Returns delivered by REIT
REITs Deliver Income & Long-term Growth
The special investment characteristics of income producing real estate provide REIT investors with competitive long-term rates of return that complement the returns from other stocks and bonds.
High Dividend Yield
REITs are required to distribute at least 90% of their taxable income to shareholders annually in the form of dividends. Significantly higher than other equities on average, the industry’s dividend yields generally produce a steady stream of income through all market conditions.
Share Price Appreciation
Approximately one-third of the total return from REIT stocks over the last 20 years came from moderate, long-term growth in share prices. This growth generally has tracked the consumer price Index over the last two decades, protecting shareholders capital from the ravages of inflation.
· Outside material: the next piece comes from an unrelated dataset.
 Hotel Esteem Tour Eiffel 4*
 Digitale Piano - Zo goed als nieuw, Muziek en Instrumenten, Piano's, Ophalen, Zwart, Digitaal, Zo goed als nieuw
Advantages of Real Estate Investment:
In addition to the benefits of owing shares in a REIT, offer several advantages not found in companies across other industries. These benefits are part of the reason that real estate stocks have become popular investment vehicles over the past several years:
Predictable Revenue Stream
REITs’ reliable income is derived from rents paid to the owners of commercial properties whose tenants often sign leases for long periods of time or interest from the financing of those properties. In addition, the companies ownership of tangible assets with established values tends to reduce risk.
Earnings Transparency
Most REITs operate along a straightforward and easily understandable business model: By increasing rents or occupancy rates, higher levels of income may be generated. When reporting financial results, REITs, like other public companies, must report earnings per share on the basis of GAAP net income. Another way year-to-year financial progress can be gauged is by comparing levels of funds from operations (FFO). FFO, the industry’s supplemental performance measure, differs mainly from net income by excluding depreciation and amortization of real estate assets and gains and loses from most property sales. Given the broad range of real estate subsectors and business lines, there are also a number of additional earnings metrics, which are used by REITs in order to provide investors with a greater level of insight into their performance.
Total Return
The combination of income returns from dividend and capital gains from share value appreciation can result in healthy overall returns for REIT investors. Analysis by Ibbotson Associates demonstrates that the combination of dividend yield and share value appreciation has made REIT returns competitive with other major investments vehicles, including a broad range of large-cap stocks, small-cap stocks and fixed income securities. In short, REITs over time have demonstrated a historical track record of providing a high level of current income combined with long-term share value appreciation, inflation protection, and prudent diversification for investors across the age and investment style spectrums.
REIT Sectors
With a very diverse profile, the REIT industry offers investors many alternatives across a broad range of specific real estate subsectors, including:
Apartment communities
Office properties
Shopping centers and malls
Storage centers
Industrial parks and warehouses
Lodging facilities, including hotels, motels and resorts
Health care facilities
Natural resources
Regardless of specific business line, REITs most often acquire and develop their properties primarily to actively manage and operate them as income producing, ongoing businesses, while regularly exploring new opportunities for income growth, from new acquisitions or development, to provide income-producing leasing or tenant services. In addition, REITs that have a mortgage focused investment strategy invest in commercial mortgages (CMBS) and residential mortgages (MBS).